What this couple teaches us is what today’s Feast is all about. God, the prime-mover in the liturgy, tells us that families are extremely important. But in today’s Collect God teaches us three other things:
- O God, who were pleased to give us the shining example of the Holy Family: in other words, there is such thing as a model family. It is the Holy Family, the way St Joseph, the Blessed Virgin, and Jesus lived their family life.
- Graciously grant that we may imitate them in practising the virtues of family life and in the bonds of charity: our very Christianity requires of us to constantly strive to imitate them in how we live our family life.
- and so, in the joy of your house, delight one day in eternal rewards: family life has a point and goal. Interestingly, the point of family life is not children. Or Grandchildren. Or that family comes first. Of course not – because none of these things are capable of satisfying our desire for happiness. Rather the point and goal of family life is to make us holy like and with God forever.
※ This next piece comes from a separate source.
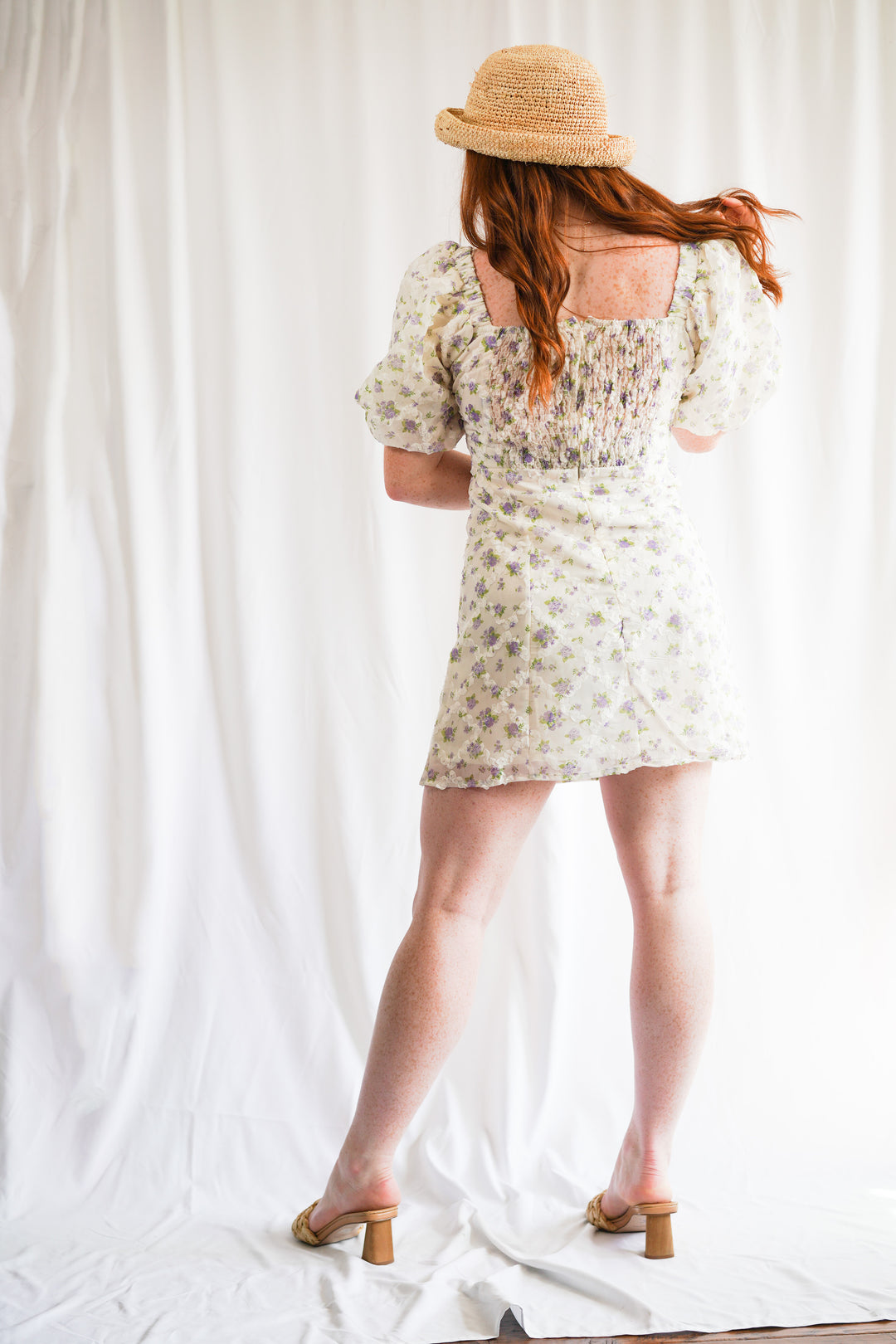 embroidered floral mini dress is fitted, has short puff sleeves and a smocked back for a flattering fit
So how do we imitate the Holy Family? Our First Reading points out that one key element is to recognise that children are a gift. This means married couples are called to be generous in their openness to children. This is what the mum in the First Reading, Hanna, teaches us in her desire: Hannah conceived and gave birth to a son, and called him Samuel ‘since’ she said ‘I asked the Lord for him.’ But if children are truly a gift that means that we have no right to have a child. Of course this must be so: because True Love never makes a person something I can demand or get – rather, just as I have no right to be married, but must wait to receive a person who is given to me, so with children I remain open to receive and respect the mystery of a person I may or may not be given. Again, this is what Hanna teaches us: This is the child I prayed for, and the Lord granted me what I asked him.
The first reading and psalm also teach us another secret of family life: Let your child follow their own vocation. Your child is not you: so they will be different to you. So let them be different. This means, for example, that you don’t plan out your child’s career for them. Certainly as parents, we are called to educate them: but this means to help them discover who they are and what they are best made to do – be it in the sciences, or the arts, or building things, or sport – or serving God as a priest or consecrated. For the sole point of this education is to lay the groundwork for their own freedom to blossom as the unique person they are.